Bütün bunlara rağmen zararın neresinden dönersek kardır. Bu milletin demokratik eylemlerinin baskıyla yok edilmesine izin vermemiz de mümkün değil. Türkiye'nin kaybettiği, insanlarının umutsuz kaldığı bir ortamda kendine kar aramanın faydası yok. Tekerlekli insana o baskıyı göstermekten, başı açık ya da kapalının şiddete maruz kalmasından sonuç çıkartmak kar etmez."
NASIL TANIMIYORSUN
Anayasa'da yeri olmadığı için Topçu Kışlası için bir referandum yapılamayacağını söyleyen Vural, Gezi Parkı'nın kalacağının açık bir şekilde resmen ilan edilmesini, yargıyı baskı altına alacak her türlü girişimin durdurulmasını, Gezi Parkı'nın hayatın normal akışına terk edilmesini istedi.
Toplantının ardından soruları da cevaplayan Vural, Başbakan Erdoğan'ın Avrupa Parlamentosu'nun Türkiye ile ilgili kararını tanımadığına ilişkin sözlerinin hatırlatılması üzerine, "Bugüne kadar AB misyonerliği yapmadın mı? Nasıl tanımıyorsun? Müzakere Çerçeve Belgesi'ni imzaladın. 10. paragrafta, bütün AB kurumlarının aldığı kararların hepsi müktesebat içine, uyulması gereken kararlar statüsüne sokulmuştur" dedi. MİT'in fişleme iddialarıyla ilgili de konuşan Vural, "Devletin kurumları siyasi vesayet altında değil, hukukun emrinde olması gerekir" cevabını verdi.

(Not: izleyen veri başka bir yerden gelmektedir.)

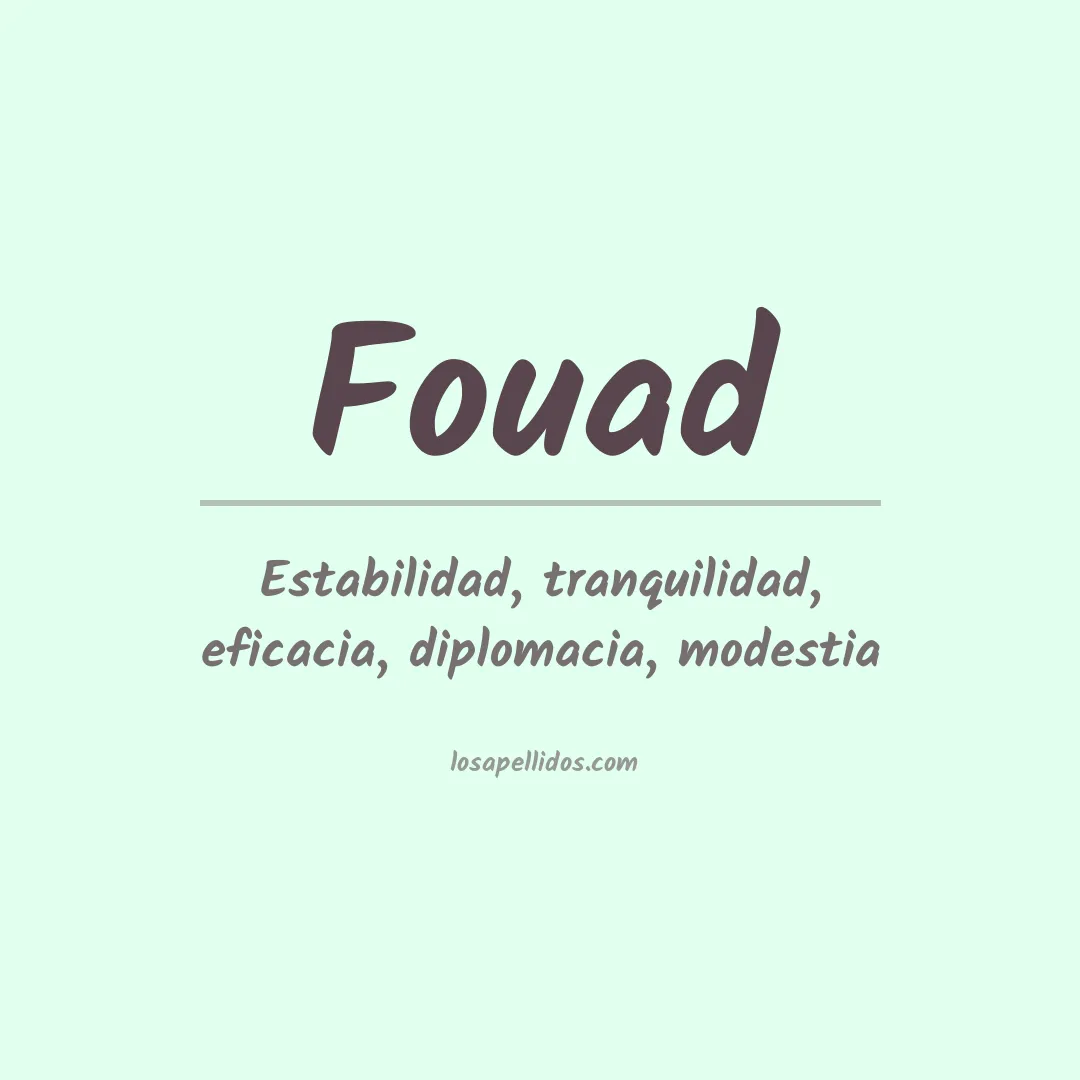 Apellido Fouad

MİT'in Başbakan'a bağlı olduğunu ve bu konudaki açıklamayı Başbakan Erdoğan'ın yapması gerektiğini dile getiren Vural, "Devleti, parti devleti haline dönüştürmek isteyen Baasçı zihniyetin güdümünde Türkiye'nin demokraside atacağı adım yoktur" dedi. Vural, ayrıca AK Parti'ye önerisi bulanarak, "Vatandaşa biber gazı sıkacaklarına, Başbakan'ın ağzına biber sürsünler. Bu iş gayet rahat çözümlenir" dedi.